Six siècles plus tard, les prêtres judéens refusaient cette lecture de la torah de Moïse. Pour eux, c’est Moïse le fautif. Il n’a pas pu entrer en « terre sainte », tandis que les prêtres, avec Aaron, les Lévites et le peuple, eux sont entrés sur cette terre, ont été choisis comme « race sainte » pour « construire le temple ». Nous avons vu que la vérité de l’histoire les a déjà démasqués. La rigueur de la langue hébraïque dénonce maintenant leurs manœuvres. Mais la géographie les condamne encore : le mont Sion, dont ils ont fait leur « terre sainte », à Jérusalem, est loin, fort loin du mont Sinaï, qui pourtant est l’unique endroit où Dieu se révèle à Moïse, seule terre citée en Bible où il fut jamais question de sainteté. L’expression « terre sainte » est inconnue de la Bible. Il est même impossible de l’écrire, car la terre, èreç ou adamah, est un mot féminin, et le mot féminin « sainte », qedashah, y désigne exclusivement une « prostituée ».

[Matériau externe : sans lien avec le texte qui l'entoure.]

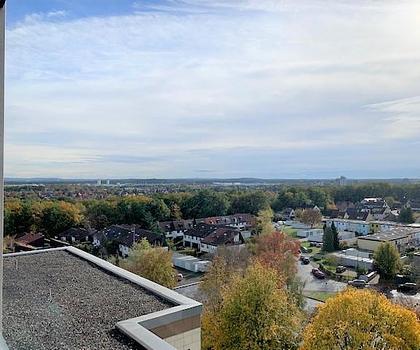 Gemütliche 2 Zimmer- Wohnung mit Balkon und herrlichem Ausblick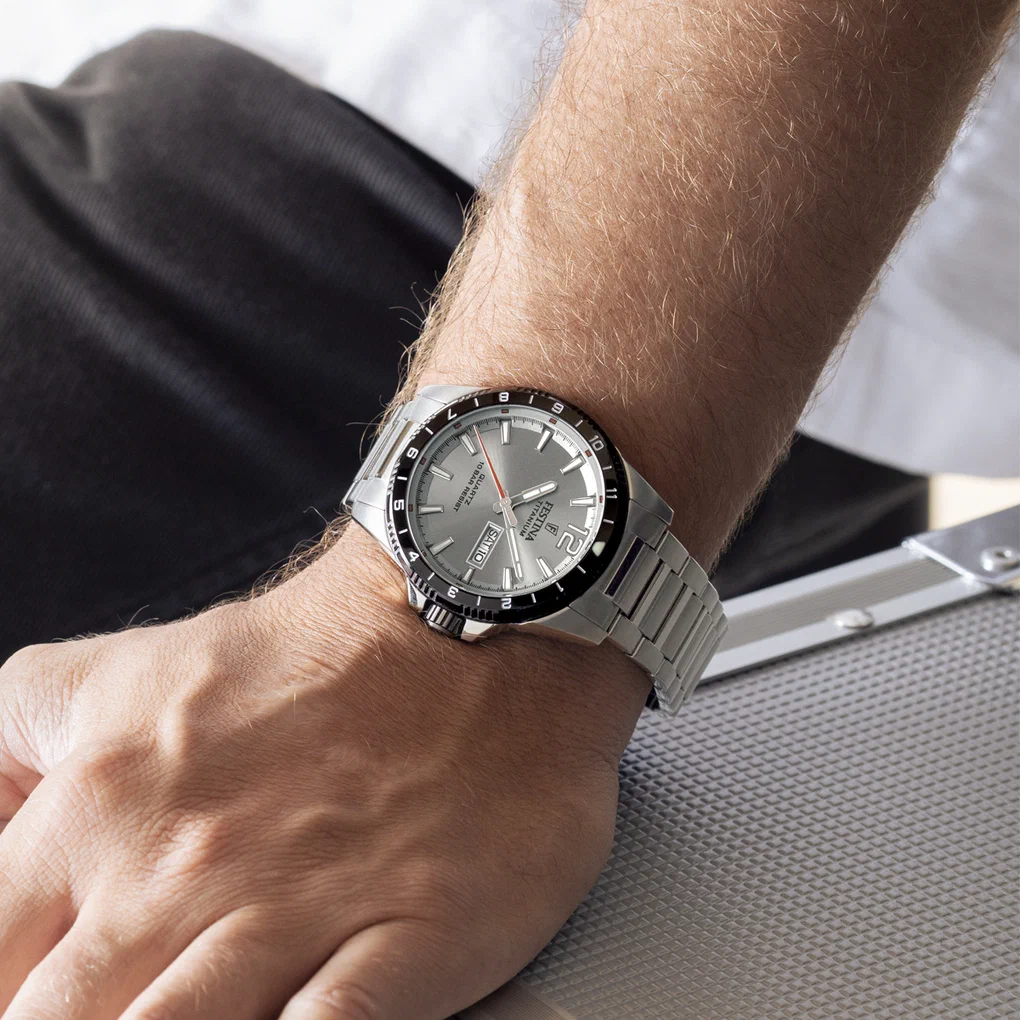 MONTRE FESTINA CALENDIER TITANE F20698/1 GRIS, BRACELET D’ TITANE, HOMME (Copie) — Image du produit 5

L’exploitation sioniste de la Bible a perduré jusqu’à nos jours. Le manifeste publié en 1998 pour le cinquantième anniversaire de la fondation d’Israël évoque, sous forme d’une “ Prière pour la paix de l’État ”, ce que les Juifs appellent « notre terre sainte » dans les traductions de ce texte. Pourtant, l’original hébreu d’où viennent ces traductions porte l’expression èreç qodeshénou, dont le sens, suivant l’hébreu biblique, est “ la terre de notre sainteté ”. Pour la Bible, cette expression renvoie à l’ascèse de l’Horeb au désert du Sinaï, pas du tout à la possession de Jérusalem et du mont Sion comme on a voulu le signifier. Le sionisme est désavoué dans l’expression même de sa revendication, alors qu’il prétend se justifier par la langue biblique qu’il a voulu bâillonner. Dieu écrit la vérité avec notre péché.

La langue biblique

Au temps de David et de Salomon, apogée de la vie spirituelle en Israël, l’hébreu biblique constituait le lien nécessaire et suffisant aux échanges de la vie communautaire. Ce n’était sans doute pas le langage employé par le peuple, dans les échanges de sa vie quotidienne (on parlait le judéen au siècle du roi Ézéchias) ; si les mots principaux de la langue sont souvent les mêmes, une élite cultivée n’a pas le même langage qu’un peuple illettré. Seuls les prêtres, Lévites, scribes et fidèles, qui se réunissaient dans le temple, comprenaient l’hébreu biblique et vivaient de sa sève spirituelle. Par la suite, après David, nous venons de voir comment un mot comme sainteté a pu perdre tout le contenu spirituel dont il était porteur. Cette perte de sens, compréhensible pour un mot abstrait n’appartenant pas au vocabulaire courant, menace tout autant les mots simples du langage populaire employés par la Bible. Car ces mots renvoient à un contenu spirituel, volatil par nature, qui s’efface avec l’usage, jusqu’à disparaître pour ne plus conserver que son sens le plus matériel. Cette dérive générale a suivi le modèle de l’exemple très simple que voici.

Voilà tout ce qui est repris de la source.